Creating test DataFrame...

======================================================================

✓ Created test DataFrame: 100 rows

  Date range: 2020-06-15 13:30:00+00:00 to 2020-06-15 15:09:00+00:00

  Sid: FIBBG*********

  Schema: ['Date', 'Sid', 'Open', 'High', 'Low', 'Close', 'Volume']

First 5 rows:

                       Date             Sid  ...       Close  Volume

0 2020-06-15 13:30:00+00:00  FIBBG*********  ...  299.585502    8266

1 2020-06-15 13:31:00+00:00  FIBBG*********  ...  299.719909    9702

2 2020-06-15 13:32:00+00:00  FIBBG*********  ...  300.373647    1384

3 2020-06-15 13:33:00+00:00  FIBBG*********  ...  300.305185    1404

4 2020-06-15 13:34:00+00:00  FIBBG*********  ...  299.989549    9175

[5 rows x 7 columns]

[... All 6 methods failed as documented above ...]

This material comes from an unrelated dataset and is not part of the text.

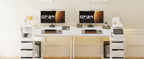 Coleshome Corner Desk, 100X70Cm Desk L Shape with 4 Drawers, Reversible Computer Gaming Desk for Office Study Bedroom, White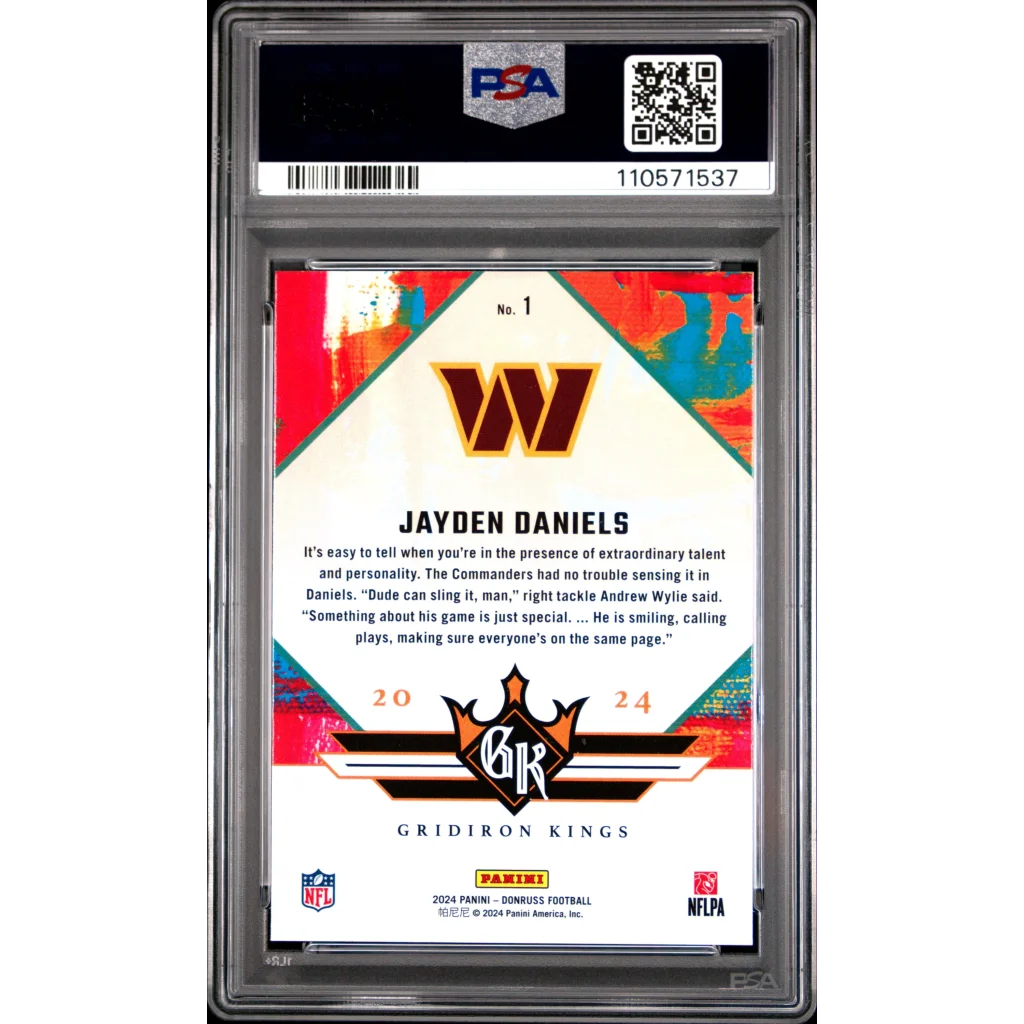 Graded 2024 Panini Donruss Jayden Daniels #1 Rookie Gridiron Kings Rookie RC Football Card PSA 10 Gem Mint | PSA 10 Gem Mint Graded Rookie Card | vintageantiquesgifts.com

======================================================================

TEST RESULTS SUMMARY

======================================================================

cli_load             : ✗ FAILED

cli_collect          : ✗ FAILED

sqlite_direct        : ✗ FAILED

http_api_multipart   : ✗ FAILED

http_api_raw_csv     : ✗ FAILED

http_csv_endpoint    : ✗ FAILED

❌ NO WORKING METHODS FOUND

   This requires further investigation or QuantRocket support

**********************************************************************

TEST COMPLETE

**********************************************************************

Method 3 is the correct method. Are you running those commands from JupyterLab? Any container with volumes: 'db:/var/lib/quantrocket' in docker-compose.yml has access to /var/lib/quantrocket/ (the database directory). For example:

  jupyter:
    ..
    volumes:
      - 'db:/var/lib/quantrocket'

Try loading the data from a JupyterLab notebook. Alternatively, you can load it from a custom script running in the satellite container.